9

Wiktionary gives the meaning of "break bad" but does not mention about the origin:

1. (colloquial, of an event or of one's fortunes) To go wrong; to go downhill.


2. (colloquial, chiefly Southern US and Midwest US, of a person) To go bad; to turn toward immorality or crime.


Cassell's Dictionary of Slang (by Jonathon Green) has the below definition that gives a hint about the origin:

break bad v. 1 [1960s] (US Black) to become angry and aggressive 2 [1980s] (US campus) to perform well. [BREAK v.2 (3) + SE bad]


break v.2 (US) 3 [1930s] to conduct oneself.

It looks like the origin is African American Vernacular English but how did this phrase emerge exactly? And how did it gain a new meaning (with almost opposite connotations) in campus slang?

4

I have heard of 'breaking bad' in the context of Southern slang but it has a surprising and older Wall Street reference:

One of the earliest instances of the phrase appearing in the New York Times backs up the definition (to turn violent unnecessarily) and history (black, Southern, 1970s) suggested by those lexicographers. In a 1980 excerpt from John Langston Gwaltney’s Drylongso, a Self-Portrait of Black America, an oral history of African-American communities; in describing his view of race relations, a black man from rural Missouri told the author that “if a white man was to come over here and ask me anything, I wouldn’t break bad with him.”

But, while that idiom matches the one appearing in many dictionaries, there’s an even earlier appearance of the expression with a very different sense to it, suggesting the violence now implied by the phrase came later. In a 1919 overview of goings-on on Wall Street, the writer suggested that “the average speculator will not take a position in the highly speculative industrials for over Sunday, but because he can’t stay out of the market altogether, gets into the rails at the end of the week in hope of making a successful turn and with confidence that if things ‘break bad’ over Sunday rails will feel the shock less than the industrials.”
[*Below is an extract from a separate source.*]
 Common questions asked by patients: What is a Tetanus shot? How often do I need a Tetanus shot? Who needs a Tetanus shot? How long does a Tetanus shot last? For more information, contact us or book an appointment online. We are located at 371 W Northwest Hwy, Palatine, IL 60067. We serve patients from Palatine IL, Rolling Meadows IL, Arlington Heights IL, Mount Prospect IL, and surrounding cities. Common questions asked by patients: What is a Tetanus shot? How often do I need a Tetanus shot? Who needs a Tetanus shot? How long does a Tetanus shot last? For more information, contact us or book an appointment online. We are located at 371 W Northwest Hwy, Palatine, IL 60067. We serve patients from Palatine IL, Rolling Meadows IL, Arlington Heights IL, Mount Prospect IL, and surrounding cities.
That older use of “break bad,” meaning “to go bad,” requires little knowledge of regional slang, and it makes enough sense that anyone might come up with or at least understand it. -http://entertainment.time.com/2013/09/23/breaking-bad-what-does-that-phrase-actually-mean/

  • I don't think that "break bad" in the Wall Street sense is really even a phrase. "Break" means "how things turn out" ("Those are the breaks, man.") so "breaking bad" is just one of the possibilities. – Malvolio Jun 6 '14 at 10:43
  • 1
    @Malvolio You do realize the article is based on research and not opinion – Third News Jun 6 '14 at 16:24
  • What's weird about that first quote is that is would make a lot more sense to say, "...I wouldn't break bread with him." So much so that it makes me wonder if the quote was erroneously transcribed from the speaker into text. I always assumed "break bad" came from an evolution of "break" as to turn, like in a fighter jet. Fighter pilots talk about "breaking right" or "breaking left" meaning to turn sharply to the right or left. So "breaking bad" would logically mean to turn suddenly towards the bad. But I have no evidence for that, I just always assumed that was the origin. – Todd Wilcox May 2 at 19:03
3

First time "Break Bad" was used in relations to drugs which is what "Breaking Bad" is all about, in in Chicago (Early 70's) by African Americans. They used it to describe how when they would relapse after a period of sobriety, and go back out and "Break Bad" again. As seen in 1994's Hoop Dreams by Arthur Agee's father about 1:10:00 into the movie.

  • Do you have any references to confirm this? – curiousdannii Aug 11 '15 at 13:12
1

Claude Brown uses it- with the negative connotation popularized by the hit show-in his classic "Manchild in the Promised Land, published in 1965. See page 313 of the paperback edition.